ReactiveCore · AI / Knowledge Engineering · Ontology Design
AI Metadata Factory
Designed a simplified web flow, markup sequence, and visualization system that allowed non-expert administrators — not just Knowledge Engineers — to create and visualize OWL ontologies from client files.
The Problem
ReactiveCore's AI platform relied on Knowledge Engineers (KEs) to take client data files and manually mark them up to produce OWL ontology files — a highly specialized, time-intensive process. This created a bottleneck: only experts could perform this work, slowing down the pipeline and limiting scale.
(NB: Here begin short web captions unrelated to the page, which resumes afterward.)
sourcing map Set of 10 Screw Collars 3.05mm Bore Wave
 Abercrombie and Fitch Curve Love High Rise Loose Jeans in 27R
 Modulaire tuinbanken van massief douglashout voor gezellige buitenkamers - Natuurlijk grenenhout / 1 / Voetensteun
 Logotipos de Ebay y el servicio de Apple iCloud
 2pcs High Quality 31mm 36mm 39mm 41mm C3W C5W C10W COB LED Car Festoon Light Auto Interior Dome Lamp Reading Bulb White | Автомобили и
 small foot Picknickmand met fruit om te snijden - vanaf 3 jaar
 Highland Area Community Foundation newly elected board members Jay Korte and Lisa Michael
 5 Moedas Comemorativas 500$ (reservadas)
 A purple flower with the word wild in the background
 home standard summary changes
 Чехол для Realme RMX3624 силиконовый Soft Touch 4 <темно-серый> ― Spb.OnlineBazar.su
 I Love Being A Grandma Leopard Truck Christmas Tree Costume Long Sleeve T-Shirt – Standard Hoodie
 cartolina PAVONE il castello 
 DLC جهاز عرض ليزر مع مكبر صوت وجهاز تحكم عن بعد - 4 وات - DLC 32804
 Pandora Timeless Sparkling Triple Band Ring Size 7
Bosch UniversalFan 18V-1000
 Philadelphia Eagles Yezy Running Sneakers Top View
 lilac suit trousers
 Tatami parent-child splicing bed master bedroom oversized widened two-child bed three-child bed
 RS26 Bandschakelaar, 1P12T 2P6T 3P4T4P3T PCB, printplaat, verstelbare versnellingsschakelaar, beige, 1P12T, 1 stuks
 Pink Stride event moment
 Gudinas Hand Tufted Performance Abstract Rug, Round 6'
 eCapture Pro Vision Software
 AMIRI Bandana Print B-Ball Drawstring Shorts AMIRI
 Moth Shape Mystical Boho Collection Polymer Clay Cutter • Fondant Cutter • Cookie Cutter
The challenge was to design a tool that would allow less-specialized administrators to perform the markup and visualization workflow — without requiring deep knowledge engineering expertise — while still producing accurate, usable OWL output for further diagnostic use.
My Role & Approach
I researched and designed the AI Metadata Factory application, working closely with ReactiveCore's chief ontologist to understand the markup and ontology creation process in depth before translating it into a simplified, guided web interface.
The core design challenge: Ontology creation is inherently complex. The goal wasn't to hide that complexity — it was to sequence it into steps an admin could follow confidently, with the right scaffolding at each stage.
- Deep research sessions with the chief ontologist to map the expert mental model
- Task analysis of the full KE workflow: file intake, markup, OWL generation, visualization
- Designed a simplified step-by-step web flow for non-KE administrators
- Created a guided markup sequence with contextual guidance and validation feedback
- Designed an ontology visualization interface for reviewing and diagnosing the output
- Conducted prototype testing with users at multiple fidelity stages
Design Highlights
Simplified markup sequence: Rather than exposing the full complexity of OWL markup upfront, the interface walked administrators through a staged process — each step building on the last, with clear progress indication and the ability to review and revise.
Ontology visualization: Once markup was complete, the resulting ontology was rendered as an interactive visual graph — allowing admins and KEs to review relationships, spot gaps, and navigate the structure without reading raw OWL files.
Accessibility to non-experts: Every UI decision was evaluated against the question: "Could an intelligent but non-specialist admin complete this step without calling a Knowledge Engineer?" By the end of testing, the answer was consistently yes.